PROBLEM DESCRIPTION >> Below is a listing with pictures. Repeat exactly the lines starting at the one holding "A whimsical and" and going on through the one holding "Adidas Brown Terrex", and leave every picture out.

MATERIAL SHOWN >>
──────

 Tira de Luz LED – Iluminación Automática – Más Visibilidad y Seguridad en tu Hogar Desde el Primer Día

──────

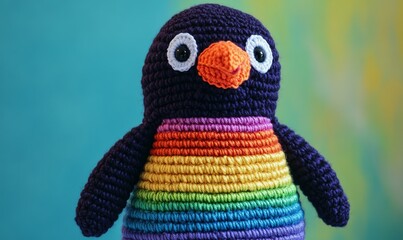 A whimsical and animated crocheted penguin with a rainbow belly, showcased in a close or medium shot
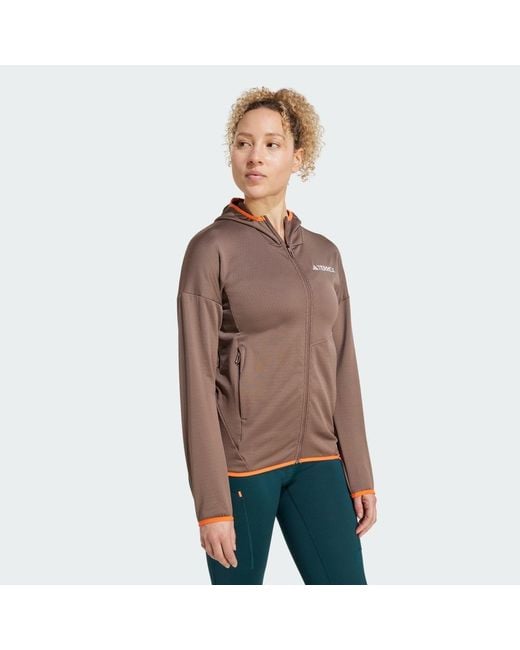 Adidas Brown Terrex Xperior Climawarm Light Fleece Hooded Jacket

──────

YOUR RESPONSE >>
 A whimsical and animated crocheted penguin with a rainbow belly, showcased in a close or medium shot
 Adidas Brown Terrex Xperior Climawarm Light Fleece Hooded Jacket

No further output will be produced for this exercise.